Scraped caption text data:
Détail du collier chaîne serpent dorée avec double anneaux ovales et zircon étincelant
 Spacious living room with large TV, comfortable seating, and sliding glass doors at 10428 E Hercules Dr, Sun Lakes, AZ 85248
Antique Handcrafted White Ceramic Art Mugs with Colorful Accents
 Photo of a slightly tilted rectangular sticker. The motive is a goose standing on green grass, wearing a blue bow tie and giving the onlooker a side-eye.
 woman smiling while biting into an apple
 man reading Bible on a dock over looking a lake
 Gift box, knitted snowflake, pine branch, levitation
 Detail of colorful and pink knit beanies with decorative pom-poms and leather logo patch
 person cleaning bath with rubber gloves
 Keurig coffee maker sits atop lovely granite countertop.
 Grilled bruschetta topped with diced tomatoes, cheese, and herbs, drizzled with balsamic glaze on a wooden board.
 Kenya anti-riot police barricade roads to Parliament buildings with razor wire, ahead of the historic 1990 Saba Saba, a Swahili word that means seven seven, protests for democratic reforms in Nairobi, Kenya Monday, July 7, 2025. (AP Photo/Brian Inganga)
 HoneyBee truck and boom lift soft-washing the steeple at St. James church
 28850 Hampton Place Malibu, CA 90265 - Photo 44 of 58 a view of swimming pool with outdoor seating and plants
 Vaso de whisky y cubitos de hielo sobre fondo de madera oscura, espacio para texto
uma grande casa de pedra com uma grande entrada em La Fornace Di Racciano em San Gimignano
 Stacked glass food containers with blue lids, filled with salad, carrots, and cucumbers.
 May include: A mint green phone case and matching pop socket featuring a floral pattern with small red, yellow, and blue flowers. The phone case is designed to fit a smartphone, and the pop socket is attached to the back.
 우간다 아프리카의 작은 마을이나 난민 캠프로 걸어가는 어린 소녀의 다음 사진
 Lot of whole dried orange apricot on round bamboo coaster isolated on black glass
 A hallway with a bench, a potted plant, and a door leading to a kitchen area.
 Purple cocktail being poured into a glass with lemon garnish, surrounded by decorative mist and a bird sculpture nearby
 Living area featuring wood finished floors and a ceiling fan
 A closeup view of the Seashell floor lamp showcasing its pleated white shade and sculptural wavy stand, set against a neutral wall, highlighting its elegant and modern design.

** Activity **
Emit verbatim the lines running from the one with "HoneyBee truck and" through the last line of the data, both endpoints inclusive.

** Answer space **
 HoneyBee truck and boom lift soft-washing the steeple at St. James church
 28850 Hampton Place Malibu, CA 90265 - Photo 44 of 58 a view of swimming pool with outdoor seating and plants
 Vaso de whisky y cubitos de hielo sobre fondo de madera oscura, espacio para texto
uma grande casa de pedra com uma grande entrada em La Fornace Di Racciano em San Gimignano
 Stacked glass food containers with blue lids, filled with salad, carrots, and cucumbers.
 May include: A mint green phone case and matching pop socket featuring a floral pattern with small red, yellow, and blue flowers. The phone case is designed to fit a smartphone, and the pop socket is attached to the back.
 우간다 아프리카의 작은 마을이나 난민 캠프로 걸어가는 어린 소녀의 다음 사진
 Lot of whole dried orange apricot on round bamboo coaster isolated on black glass
 A hallway with a bench, a potted plant, and a door leading to a kitchen area.
 Purple cocktail being poured into a glass with lemon garnish, surrounded by decorative mist and a bird sculpture nearby
 Living area featuring wood finished floors and a ceiling fan
 A closeup view of the Seashell floor lamp showcasing its pleated white shade and sculptural wavy stand, set against a neutral wall, highlighting its elegant and modern design.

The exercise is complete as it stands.